Special UN human rights investigator, heading the inquiry into the killing of Saudi dissident journalist Jamal Khashoggi said that early evidence showed he was a victim of “a brutal and premeditated killing, planned and perpetrated by officials of the state of Saudi Arabia”.
Khashoggi was a Washington Post columnist and a critic of the Saudi Crown Prince Mohammad Bin Salman. He was killed on October 2 after he entered the Istanbul Saudi consulate to collect documents regarding his marriage to his Turkish fiancee.
According to U.S intelligence agencies, Khashoggi’s killing was reportedly ordered by the Crown Prince. His body has not yet been found.
Special Rapporteur Agnes Callamard said on Thursday her three-member team had access to part of “chilling and gruesome audio material” of the murder obtained by Turkish intelligence agencies.
A UN statement issued regarding the investigation said that the monarchial regime ‘seriously undermined’ Turkey’s efforts to investigate Khashoggi’s killing at its Istanbul consulate.
“Woefully inadequate time and access was granted to Turkish investigators to conduct a professional and effective crime-scene examination and search required by international standards for investigation,” Callamard said.
She said that she requested access to Saudi Arabia, following a week-long mission with her team of three experts to Turkey.
She stated that she had ‘major concerns’ about the fairness of proceedings for 11 people currently facing trial in the kingdom over Khashoggi’s killing. She is expected to present a final report to the UN Human Rights Council in June.
On Wednesday, the Wall Street Journal reported that Riyadh was trying to contest an element of a CIA assessment that concluded MBS likely ordered the killing.
A confidential report prepared by Kroll, a large private security firm, for the Saudi public prosecutor found that none of the WhatsApp messages exchanged between Prince Mohammed and his top aide, Saud al-Qahtani, on the day of the murder concerned Khashoggi, the WSJ quoted the draft document as saying.
“The existence of those messages between the Saudi prince and Mr Qahtani – who oversaw the team that killed Mr Khashoggi in the Saudi Consulate in Istanbul, according to people familiar with his work – was one piece of evidence cited in the highly classified CIA assessment,” the WSJ reported.
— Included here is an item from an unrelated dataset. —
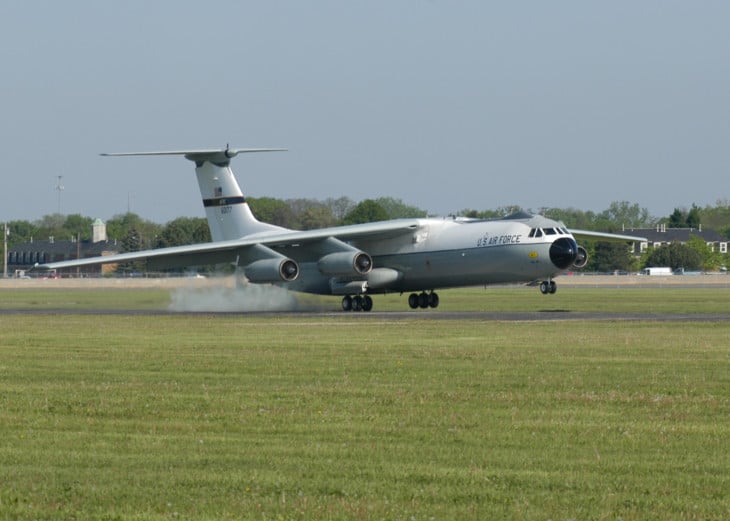 C 141 Hanoi Taxi touches down at the National Museum of the U.S. Air Force.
Moreover, the New York Times, citing current and former American and foreign officials with direct knowledge of intelligence reports, reported on Thursday that a year before killing, Saudi Crown Prince Mohammad Bin Salman and told a top aide in conversation that if Khashoggi did not return to the kingdom and end his criticism of the Saudi government, he would use ‘a bullet’ on him.
The conversation appears to have been recently transcribed and analyzed as part of an effort by intelligence agencies to find proof of who was responsible for Mr. Khashoggi’s death. The National Security Agency and other American spy agencies are now sifting through years of the crown prince’s voice and text communications that the N.S.A. routinely intercepted and stored, much as the agency has long done for other top foreign officials, including close allies of the United States, the report stated.